As mentioned above, compared with natural images, optical and SAR images are characterized by cluttered backgrounds, large differences in the size of objects, and complex shapes of instances caused by factors such as the capturing distance and orientation (as shown in
Figure 1), and thus their segmentation effects are limited. To effectively address this, this paper proposes a query-based cascade instance segmentation network (QCIS-Net), a RS image cascade instance segmentation network based on the efficient query mechanism. The network uniformly represents the location and visual information of instances in the RS image through queries. It mainly includes key components such as the efficient feature extraction (EFE) module, the multistage cascade task (MSCT) head, and the joint loss function. The EFE module can combine the global information modeling capability of the Transformer [
39] to solve the long-term dependency problem in visual space. The dynamic detection and segmentation head in the MSCT head uses a dynamic convolution kernel based on the query representation to concentrate on the part of the image that is of interest. It facilitates the detection and segmentation of task associations through a multistage structural design, allowing both tasks to benefit from each other and gradually improving the segmentation quality of the mask. The elaborated joint loss function can guide QCIS-Net for training and generate the final instance mask.
4. Discussion
Since the QCIS-Net model is larger, it converges slowly in the two datasets without transfer learning, which leads to poor results. However, the accuracy of the model after transfer learning improves significantly, and the performance of the proposed method is better than the comparison experiments. However, there are large fluctuations in the objects of APL in the experiments, which may be due to the fact that the proportion of small objects in the SAR and optical image experimental datasets is significantly higher than large objects. This may be one of the reasons for the fluctuations.

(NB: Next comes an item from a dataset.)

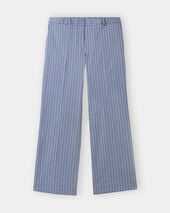 Brooks Brothers Pinstripe Linen Blend Trousers Light Blue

Although our approach has achieved good results in the IS of SAR images, the dataset for the SAR images is limited, and the annotations in the original images are not detailed enough. As a result, the final training results may not always perfectly fit the instance objects. Therefore, we are considering expanding the SAR image dataset in the future and planning to annotate the dataset with more precision. In addition, initializing the object query as zero during training can lead to the relatively slow convergence of the network. Hence, we plan to use the pyramid layer to output feature maps at different levels. By utilizing instance activations from different levels of feature maps, we can guide the initialization process of the query. This allows the query to possess semantic information and instance cues from the image during initialization, thereby accelerating the model’s convergence speed. The cascade architecture can give decent results for the network, but it still affects the inference speed, which is not suitable for use on mobile devices. Therefore, building real-time inference models through lightweight model techniques, such as knowledge distillation, becomes one of the priority tasks in our future work.